What the exercise asks — Exclude pictures and give again exactly the lines of the listing, beginning with its first line and ending with the one that contains "NWT Silly Goose".

========================================

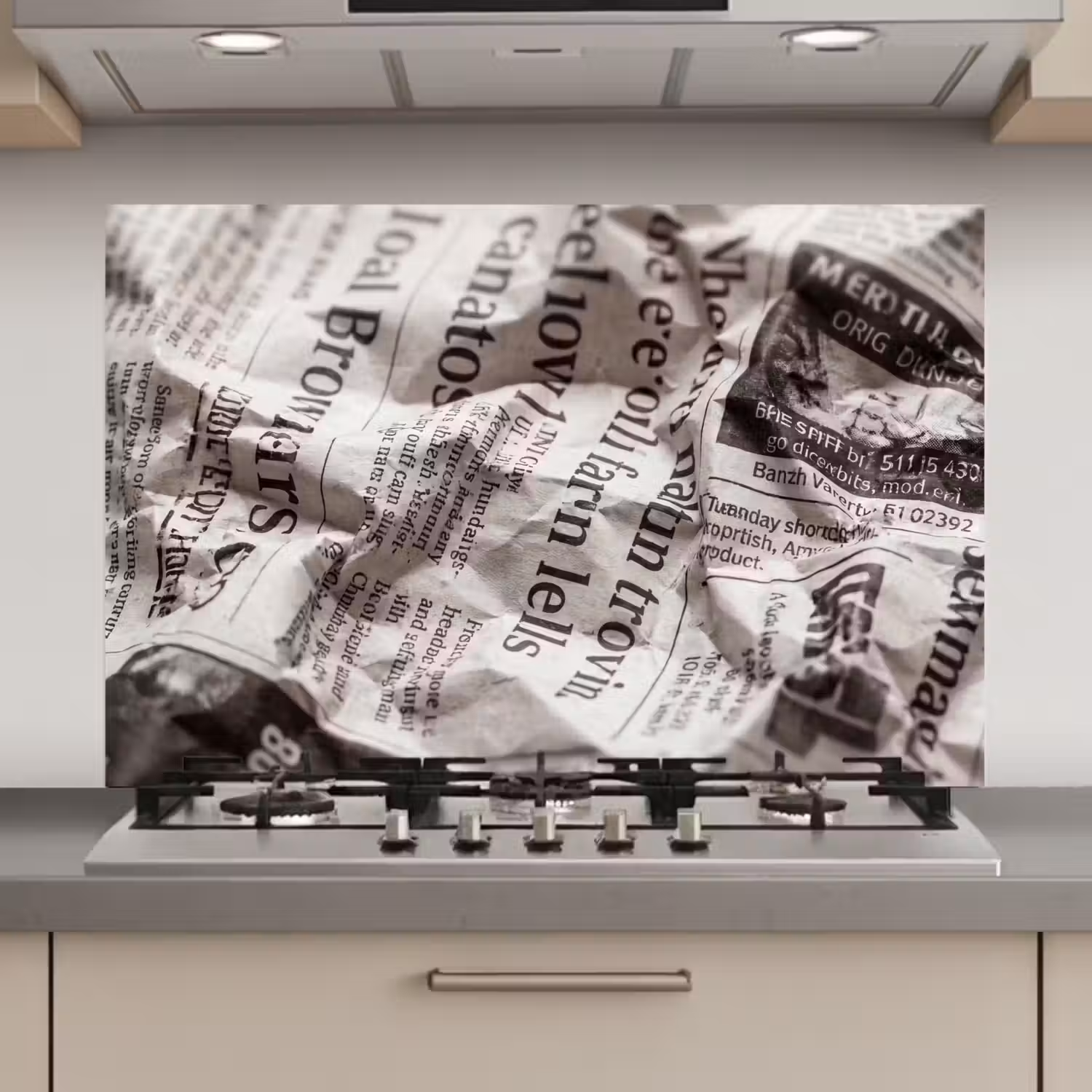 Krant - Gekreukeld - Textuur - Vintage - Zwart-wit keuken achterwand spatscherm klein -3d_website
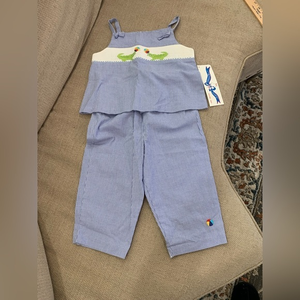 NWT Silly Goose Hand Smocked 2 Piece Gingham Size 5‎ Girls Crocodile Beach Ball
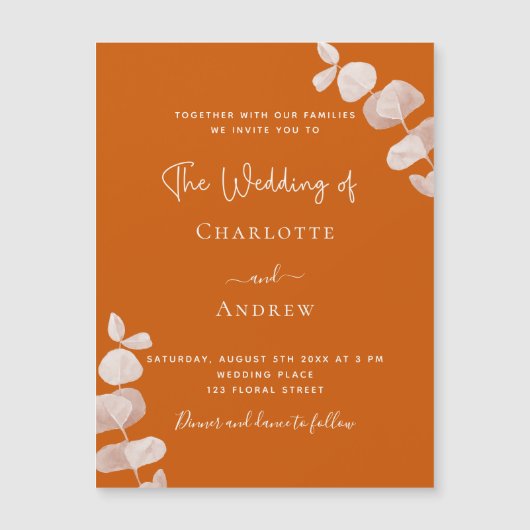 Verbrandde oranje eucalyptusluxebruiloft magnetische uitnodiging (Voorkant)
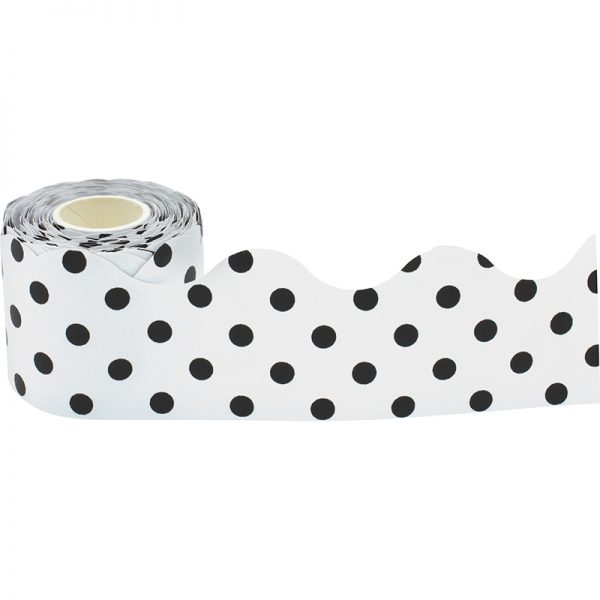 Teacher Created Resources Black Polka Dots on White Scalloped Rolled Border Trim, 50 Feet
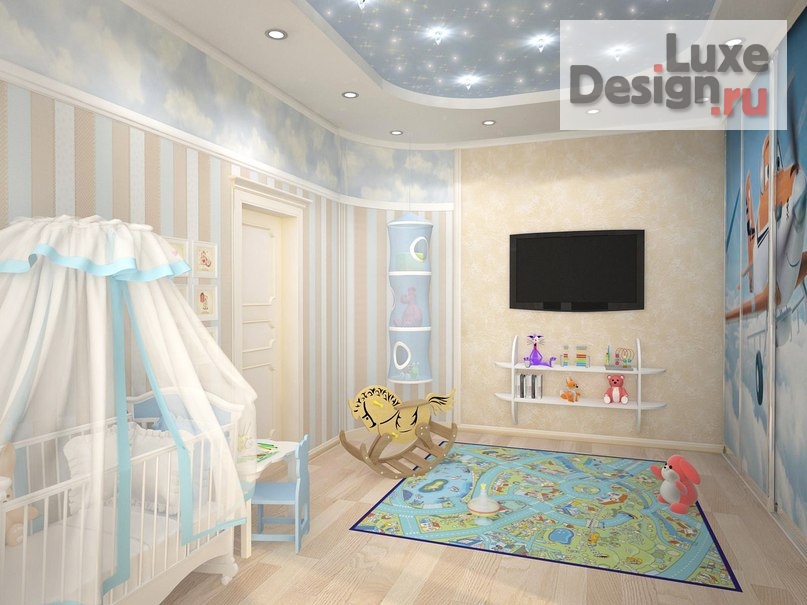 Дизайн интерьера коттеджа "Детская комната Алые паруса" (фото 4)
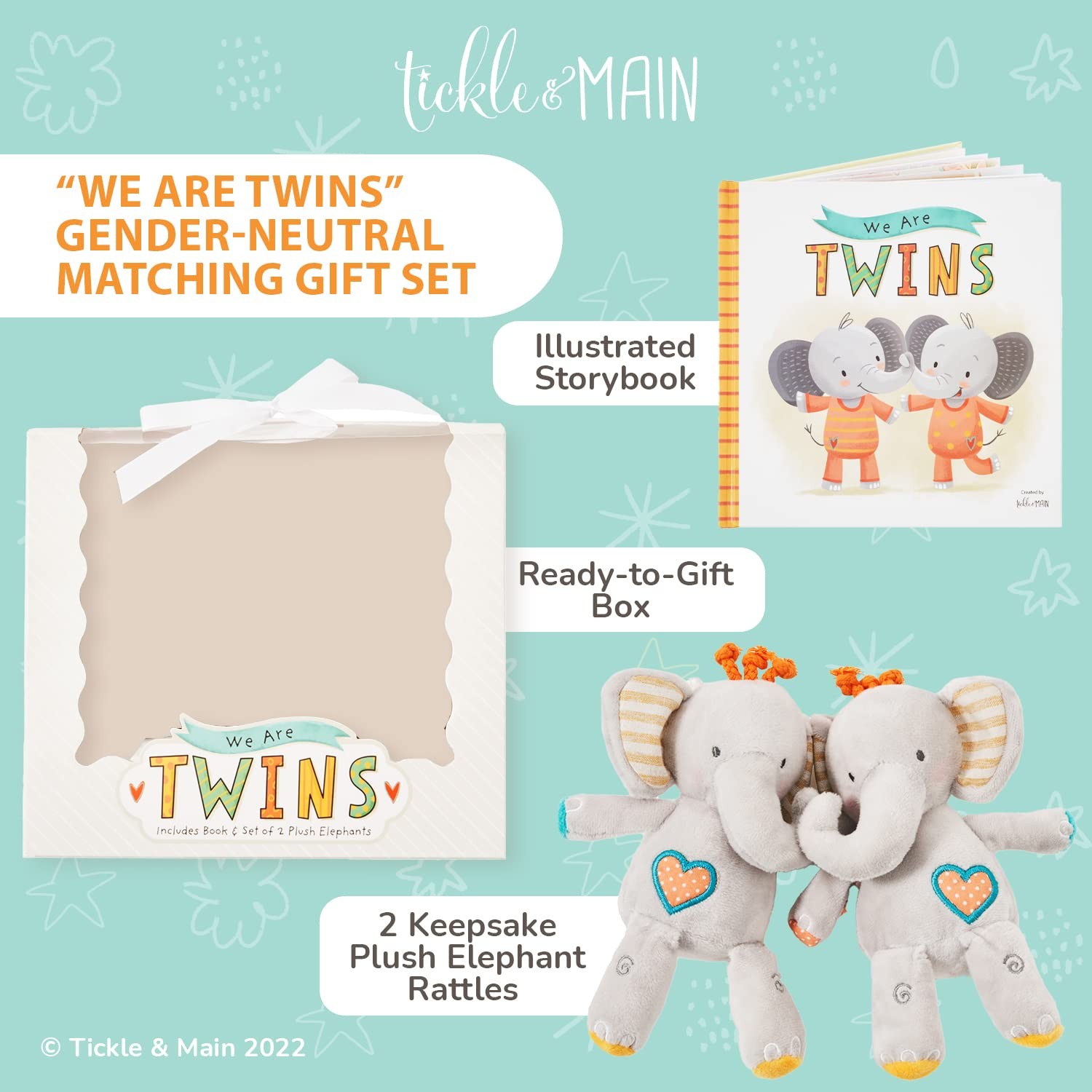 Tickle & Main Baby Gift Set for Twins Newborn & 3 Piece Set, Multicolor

========================================

Solution to the problem —
 Krant - Gekreukeld - Textuur - Vintage - Zwart-wit keuken achterwand spatscherm klein -3d_website
 NWT Silly Goose Hand Smocked 2 Piece Gingham Size 5‎ Girls Crocodile Beach Ball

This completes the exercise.